# Auto-trail Miami 740s



## 2kias (Sep 18, 2006)

We have had our Miami from new since last November and have only a few niggly problems which have been corrected by me. The major problem has been overheating with the Truma C6002 Combi boiler.

To cut a long story short I have been back to Truma twice with this and have written to Auto-trail regarding the installation.

Here is part of the letter received from Auto-trail which others with the same model might find interesting:-

" It is Auto-trail policy to have Truma check and approve all our installations before we go into production, unfortunately this has not happened on the Miami. The reason for this is that originally it was fitted with an Eberspacher heater but during the testing of the heater, it was found unsuitable for the application and, as a result, it was changed to a Truma Combi. Our Quality Manager (They do have one then!!!) has now invited Truma to inspect the installation to gain approval.

We are aware of the potential overheating problem and are in the process of contacting our dealers to recall the affected vehicles for rectification. I would point out that this only affects the first batch batch of the 740s model and all subsequent models have been modified."
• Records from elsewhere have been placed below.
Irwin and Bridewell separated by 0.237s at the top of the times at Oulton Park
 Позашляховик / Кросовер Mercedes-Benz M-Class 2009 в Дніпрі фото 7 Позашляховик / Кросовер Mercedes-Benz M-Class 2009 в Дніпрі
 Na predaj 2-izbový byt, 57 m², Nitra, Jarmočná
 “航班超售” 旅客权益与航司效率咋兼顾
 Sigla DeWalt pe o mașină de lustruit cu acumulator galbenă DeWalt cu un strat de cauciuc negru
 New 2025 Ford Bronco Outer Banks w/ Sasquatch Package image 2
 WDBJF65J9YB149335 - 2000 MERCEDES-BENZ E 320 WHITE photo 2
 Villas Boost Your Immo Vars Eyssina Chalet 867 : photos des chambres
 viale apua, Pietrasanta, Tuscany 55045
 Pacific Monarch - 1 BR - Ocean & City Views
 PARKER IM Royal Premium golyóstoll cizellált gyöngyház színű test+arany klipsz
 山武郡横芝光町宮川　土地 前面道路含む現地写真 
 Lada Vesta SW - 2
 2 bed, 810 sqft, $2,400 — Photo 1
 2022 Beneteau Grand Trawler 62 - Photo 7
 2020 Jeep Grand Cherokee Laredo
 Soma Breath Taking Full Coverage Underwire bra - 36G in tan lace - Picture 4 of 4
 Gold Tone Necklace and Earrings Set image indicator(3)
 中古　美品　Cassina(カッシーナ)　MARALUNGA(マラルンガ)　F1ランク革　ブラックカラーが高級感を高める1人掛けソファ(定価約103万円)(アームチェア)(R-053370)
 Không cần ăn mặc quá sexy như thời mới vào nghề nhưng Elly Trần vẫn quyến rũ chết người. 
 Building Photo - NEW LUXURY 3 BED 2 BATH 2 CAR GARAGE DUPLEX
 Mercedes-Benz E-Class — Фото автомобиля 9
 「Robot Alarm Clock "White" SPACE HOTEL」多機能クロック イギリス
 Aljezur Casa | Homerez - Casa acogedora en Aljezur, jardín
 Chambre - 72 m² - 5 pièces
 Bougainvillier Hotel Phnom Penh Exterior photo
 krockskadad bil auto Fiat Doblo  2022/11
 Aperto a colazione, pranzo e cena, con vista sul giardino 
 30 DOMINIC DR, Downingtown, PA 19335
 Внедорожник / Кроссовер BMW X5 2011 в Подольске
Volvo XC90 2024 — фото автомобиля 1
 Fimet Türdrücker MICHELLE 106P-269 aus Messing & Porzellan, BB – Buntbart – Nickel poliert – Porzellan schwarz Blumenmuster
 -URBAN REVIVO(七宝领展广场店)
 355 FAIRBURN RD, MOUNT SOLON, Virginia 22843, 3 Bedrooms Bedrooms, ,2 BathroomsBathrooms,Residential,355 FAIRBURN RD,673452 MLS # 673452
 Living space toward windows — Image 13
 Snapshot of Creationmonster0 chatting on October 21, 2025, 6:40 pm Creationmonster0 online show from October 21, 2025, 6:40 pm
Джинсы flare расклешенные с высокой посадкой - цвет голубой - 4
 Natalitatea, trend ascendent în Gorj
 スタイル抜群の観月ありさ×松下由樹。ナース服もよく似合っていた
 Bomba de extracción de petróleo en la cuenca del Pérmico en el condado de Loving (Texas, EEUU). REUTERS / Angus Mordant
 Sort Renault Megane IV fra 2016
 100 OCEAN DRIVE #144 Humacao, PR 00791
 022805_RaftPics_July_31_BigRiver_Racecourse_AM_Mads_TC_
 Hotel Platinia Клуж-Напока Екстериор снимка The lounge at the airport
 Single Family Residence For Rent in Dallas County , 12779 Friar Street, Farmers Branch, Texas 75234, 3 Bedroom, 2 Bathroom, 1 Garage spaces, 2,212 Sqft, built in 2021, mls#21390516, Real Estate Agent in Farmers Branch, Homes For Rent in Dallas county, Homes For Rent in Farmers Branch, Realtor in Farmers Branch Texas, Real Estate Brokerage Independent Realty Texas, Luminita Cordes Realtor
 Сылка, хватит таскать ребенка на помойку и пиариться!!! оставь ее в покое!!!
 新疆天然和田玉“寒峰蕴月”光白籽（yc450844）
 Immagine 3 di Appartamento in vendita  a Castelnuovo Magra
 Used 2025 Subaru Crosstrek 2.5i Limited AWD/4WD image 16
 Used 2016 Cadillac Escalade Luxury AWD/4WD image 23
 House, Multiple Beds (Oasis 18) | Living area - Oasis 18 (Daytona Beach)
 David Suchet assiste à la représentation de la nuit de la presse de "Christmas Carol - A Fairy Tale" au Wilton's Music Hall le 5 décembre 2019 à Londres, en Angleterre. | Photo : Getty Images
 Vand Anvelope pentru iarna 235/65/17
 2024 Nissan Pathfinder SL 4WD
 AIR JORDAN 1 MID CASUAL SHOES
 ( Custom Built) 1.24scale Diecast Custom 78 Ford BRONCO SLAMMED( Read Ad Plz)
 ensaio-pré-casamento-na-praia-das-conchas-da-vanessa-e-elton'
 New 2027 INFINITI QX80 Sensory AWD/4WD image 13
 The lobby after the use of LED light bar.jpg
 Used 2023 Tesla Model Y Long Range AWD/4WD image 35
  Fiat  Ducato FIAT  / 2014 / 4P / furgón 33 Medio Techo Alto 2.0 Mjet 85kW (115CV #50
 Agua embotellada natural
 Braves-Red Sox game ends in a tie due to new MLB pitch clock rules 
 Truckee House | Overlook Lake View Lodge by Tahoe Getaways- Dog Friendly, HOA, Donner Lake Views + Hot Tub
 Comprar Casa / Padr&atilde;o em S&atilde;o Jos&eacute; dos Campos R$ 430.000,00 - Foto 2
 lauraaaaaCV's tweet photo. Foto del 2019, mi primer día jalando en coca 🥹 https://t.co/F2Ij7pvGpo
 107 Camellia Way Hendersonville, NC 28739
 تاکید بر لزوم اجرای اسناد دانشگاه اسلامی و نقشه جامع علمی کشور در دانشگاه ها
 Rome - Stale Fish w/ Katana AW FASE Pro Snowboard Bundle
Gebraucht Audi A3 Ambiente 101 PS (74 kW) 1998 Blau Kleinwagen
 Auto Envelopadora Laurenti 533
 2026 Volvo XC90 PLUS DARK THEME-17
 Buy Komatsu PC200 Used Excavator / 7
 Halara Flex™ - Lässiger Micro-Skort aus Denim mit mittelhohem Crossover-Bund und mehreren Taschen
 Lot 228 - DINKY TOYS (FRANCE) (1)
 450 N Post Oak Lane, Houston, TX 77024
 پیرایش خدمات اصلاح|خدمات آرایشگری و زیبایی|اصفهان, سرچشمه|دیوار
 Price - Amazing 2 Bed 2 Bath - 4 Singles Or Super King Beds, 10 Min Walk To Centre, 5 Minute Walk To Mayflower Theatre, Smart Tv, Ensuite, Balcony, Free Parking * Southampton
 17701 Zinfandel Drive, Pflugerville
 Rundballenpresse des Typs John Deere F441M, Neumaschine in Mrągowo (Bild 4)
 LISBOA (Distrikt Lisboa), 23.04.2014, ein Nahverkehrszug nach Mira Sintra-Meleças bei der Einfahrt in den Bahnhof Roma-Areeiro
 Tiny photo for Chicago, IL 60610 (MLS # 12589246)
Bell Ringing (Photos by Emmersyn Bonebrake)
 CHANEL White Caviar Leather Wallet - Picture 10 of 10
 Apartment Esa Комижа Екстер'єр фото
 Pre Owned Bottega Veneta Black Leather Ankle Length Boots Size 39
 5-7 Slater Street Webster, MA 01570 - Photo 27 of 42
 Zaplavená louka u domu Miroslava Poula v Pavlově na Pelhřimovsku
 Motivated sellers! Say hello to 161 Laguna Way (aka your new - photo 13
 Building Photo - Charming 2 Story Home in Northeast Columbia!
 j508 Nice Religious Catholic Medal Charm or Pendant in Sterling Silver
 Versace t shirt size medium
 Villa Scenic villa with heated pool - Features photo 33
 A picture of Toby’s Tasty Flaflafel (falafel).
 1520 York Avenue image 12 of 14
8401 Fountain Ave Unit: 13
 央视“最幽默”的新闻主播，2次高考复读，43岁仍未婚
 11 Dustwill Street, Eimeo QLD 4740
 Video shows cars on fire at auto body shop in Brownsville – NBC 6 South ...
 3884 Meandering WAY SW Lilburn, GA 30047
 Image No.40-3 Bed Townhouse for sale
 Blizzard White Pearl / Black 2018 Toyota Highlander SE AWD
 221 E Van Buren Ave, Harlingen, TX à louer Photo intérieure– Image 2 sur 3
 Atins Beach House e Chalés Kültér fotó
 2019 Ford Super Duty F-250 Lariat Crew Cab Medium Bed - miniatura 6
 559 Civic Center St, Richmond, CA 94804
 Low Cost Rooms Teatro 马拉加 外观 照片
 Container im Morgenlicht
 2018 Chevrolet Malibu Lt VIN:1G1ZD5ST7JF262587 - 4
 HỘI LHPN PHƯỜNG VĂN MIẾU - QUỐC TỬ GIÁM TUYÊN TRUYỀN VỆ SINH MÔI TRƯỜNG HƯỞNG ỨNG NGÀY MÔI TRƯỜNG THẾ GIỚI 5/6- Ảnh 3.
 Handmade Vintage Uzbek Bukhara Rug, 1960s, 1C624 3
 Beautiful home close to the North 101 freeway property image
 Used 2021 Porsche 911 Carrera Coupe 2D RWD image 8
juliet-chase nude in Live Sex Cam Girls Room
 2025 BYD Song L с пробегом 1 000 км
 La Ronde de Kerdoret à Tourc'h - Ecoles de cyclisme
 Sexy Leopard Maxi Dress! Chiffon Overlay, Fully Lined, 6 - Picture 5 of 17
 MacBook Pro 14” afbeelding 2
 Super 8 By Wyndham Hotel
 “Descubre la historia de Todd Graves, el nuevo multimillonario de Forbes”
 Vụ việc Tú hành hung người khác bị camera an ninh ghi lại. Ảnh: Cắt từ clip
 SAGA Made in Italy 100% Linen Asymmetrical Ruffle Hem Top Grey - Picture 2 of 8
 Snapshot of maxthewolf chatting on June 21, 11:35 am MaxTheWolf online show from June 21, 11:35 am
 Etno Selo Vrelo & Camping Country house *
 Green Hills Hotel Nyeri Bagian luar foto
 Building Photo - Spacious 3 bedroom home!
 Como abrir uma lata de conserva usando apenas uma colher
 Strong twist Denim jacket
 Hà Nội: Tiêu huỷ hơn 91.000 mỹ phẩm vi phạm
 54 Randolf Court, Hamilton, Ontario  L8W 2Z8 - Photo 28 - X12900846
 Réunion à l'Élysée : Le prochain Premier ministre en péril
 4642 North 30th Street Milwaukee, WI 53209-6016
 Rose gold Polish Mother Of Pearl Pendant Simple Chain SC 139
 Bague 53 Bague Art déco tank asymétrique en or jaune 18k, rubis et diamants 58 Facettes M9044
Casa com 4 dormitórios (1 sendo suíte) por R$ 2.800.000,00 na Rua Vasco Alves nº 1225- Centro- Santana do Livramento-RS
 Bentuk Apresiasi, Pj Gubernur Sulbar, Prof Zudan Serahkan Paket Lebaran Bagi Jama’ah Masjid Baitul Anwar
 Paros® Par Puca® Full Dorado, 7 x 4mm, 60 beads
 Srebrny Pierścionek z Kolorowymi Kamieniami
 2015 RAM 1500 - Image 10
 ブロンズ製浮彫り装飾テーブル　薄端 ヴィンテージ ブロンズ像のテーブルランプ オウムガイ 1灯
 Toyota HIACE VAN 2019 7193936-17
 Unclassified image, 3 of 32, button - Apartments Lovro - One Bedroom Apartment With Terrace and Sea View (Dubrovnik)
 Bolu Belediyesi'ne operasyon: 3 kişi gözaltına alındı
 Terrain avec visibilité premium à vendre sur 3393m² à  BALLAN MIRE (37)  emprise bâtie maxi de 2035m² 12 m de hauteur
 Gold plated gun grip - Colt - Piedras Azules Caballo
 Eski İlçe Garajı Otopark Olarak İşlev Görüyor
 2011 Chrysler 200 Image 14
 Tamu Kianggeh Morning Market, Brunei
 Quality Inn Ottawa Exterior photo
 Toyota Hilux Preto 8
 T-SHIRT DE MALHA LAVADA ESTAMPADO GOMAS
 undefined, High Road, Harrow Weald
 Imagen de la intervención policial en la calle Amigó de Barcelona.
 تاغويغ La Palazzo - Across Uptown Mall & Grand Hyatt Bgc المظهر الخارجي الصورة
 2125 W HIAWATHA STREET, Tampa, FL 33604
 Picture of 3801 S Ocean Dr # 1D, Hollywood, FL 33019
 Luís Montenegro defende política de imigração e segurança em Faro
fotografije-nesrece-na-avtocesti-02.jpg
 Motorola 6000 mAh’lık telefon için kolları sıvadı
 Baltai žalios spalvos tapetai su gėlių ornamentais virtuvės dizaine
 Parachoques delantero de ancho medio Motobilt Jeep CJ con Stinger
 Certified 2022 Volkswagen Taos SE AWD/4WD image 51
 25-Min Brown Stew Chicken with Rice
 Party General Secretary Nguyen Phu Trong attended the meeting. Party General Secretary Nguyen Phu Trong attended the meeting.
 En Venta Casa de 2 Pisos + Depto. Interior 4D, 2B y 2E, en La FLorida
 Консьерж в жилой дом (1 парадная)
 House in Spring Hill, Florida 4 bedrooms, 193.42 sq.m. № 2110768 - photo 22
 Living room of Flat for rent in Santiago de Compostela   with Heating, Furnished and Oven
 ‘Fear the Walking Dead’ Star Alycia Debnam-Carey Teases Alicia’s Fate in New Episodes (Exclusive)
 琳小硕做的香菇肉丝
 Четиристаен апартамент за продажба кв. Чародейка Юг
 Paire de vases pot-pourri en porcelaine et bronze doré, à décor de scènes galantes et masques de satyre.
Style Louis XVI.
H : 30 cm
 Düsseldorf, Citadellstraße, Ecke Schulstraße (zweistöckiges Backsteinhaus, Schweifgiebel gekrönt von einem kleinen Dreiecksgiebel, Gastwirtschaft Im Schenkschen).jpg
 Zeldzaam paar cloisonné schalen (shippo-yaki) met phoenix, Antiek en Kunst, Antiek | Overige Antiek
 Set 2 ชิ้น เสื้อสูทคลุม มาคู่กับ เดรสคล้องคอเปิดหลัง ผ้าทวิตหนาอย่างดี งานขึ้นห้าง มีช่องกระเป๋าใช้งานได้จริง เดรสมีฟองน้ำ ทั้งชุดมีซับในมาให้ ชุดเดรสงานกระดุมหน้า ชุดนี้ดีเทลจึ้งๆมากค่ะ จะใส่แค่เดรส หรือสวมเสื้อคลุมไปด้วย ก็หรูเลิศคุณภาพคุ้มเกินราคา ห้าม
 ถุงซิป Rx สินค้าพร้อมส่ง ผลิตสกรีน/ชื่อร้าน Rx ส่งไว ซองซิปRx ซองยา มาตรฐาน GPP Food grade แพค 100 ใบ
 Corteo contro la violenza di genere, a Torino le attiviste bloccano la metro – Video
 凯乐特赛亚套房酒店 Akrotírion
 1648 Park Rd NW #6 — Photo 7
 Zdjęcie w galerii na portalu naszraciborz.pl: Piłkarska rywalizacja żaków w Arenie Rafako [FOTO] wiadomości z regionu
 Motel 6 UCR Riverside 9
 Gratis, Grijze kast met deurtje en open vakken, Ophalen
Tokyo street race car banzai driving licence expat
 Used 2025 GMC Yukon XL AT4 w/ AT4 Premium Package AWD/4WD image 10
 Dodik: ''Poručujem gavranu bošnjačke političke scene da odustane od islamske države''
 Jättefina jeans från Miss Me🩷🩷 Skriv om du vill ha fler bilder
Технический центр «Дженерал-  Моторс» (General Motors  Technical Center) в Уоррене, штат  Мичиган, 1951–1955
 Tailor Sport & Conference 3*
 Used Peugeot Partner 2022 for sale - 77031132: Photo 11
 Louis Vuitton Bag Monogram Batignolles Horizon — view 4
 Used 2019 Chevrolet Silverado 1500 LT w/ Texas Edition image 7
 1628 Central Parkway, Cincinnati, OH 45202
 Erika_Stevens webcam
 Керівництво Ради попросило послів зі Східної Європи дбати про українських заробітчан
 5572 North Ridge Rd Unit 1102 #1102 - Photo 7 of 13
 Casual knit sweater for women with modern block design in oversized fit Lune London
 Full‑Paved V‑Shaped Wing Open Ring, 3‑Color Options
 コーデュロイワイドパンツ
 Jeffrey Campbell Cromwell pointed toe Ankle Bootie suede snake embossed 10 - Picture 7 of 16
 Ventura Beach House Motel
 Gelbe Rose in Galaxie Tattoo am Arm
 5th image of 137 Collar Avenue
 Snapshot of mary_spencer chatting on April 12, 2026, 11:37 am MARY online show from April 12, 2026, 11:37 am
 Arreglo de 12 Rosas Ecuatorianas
Whilst this letter is O.K. as far as it goes, I do not believe that Truma will pass the installation on any of the models as they do not consider there is enough headroom between the top of the boiler and the bed above.

No mention was made in the letter to the fact that I have personally put an air vent in the bed box to assist in ventilation as advised by Truma and sent a photo of the alteration to Auto-trail.

The end result of all this is that, with the vent, the overheating is much reduced but not completely cured.

It remains to be seen if I am ever contacted by my dealers as stated in the letter. They originally suggested I went to Truma.

Watch this space!


----------



## Bluemax (Jul 7, 2008)

We took delivery of our Autotrail Miami 740S in June 2007. We initially had trouble with an overheating boiler, especially when it was in 'summer mode' for hot water only. The dealer cut two holes in the bed box facing and fitted two plastic grills to aid ventilation, Seems to work to a certain extent but still gets quite warm with hot water heating only but we tend to open one of the doors under the bed to give it even more ventilation. There always seems to be a ' hot carbon' smell from it when it has been on for some time. We only put the boiler on when we need it and then turn it off again straight after showering or washing up. The underside of the mattress does get warm, but so far no damage to it.


----------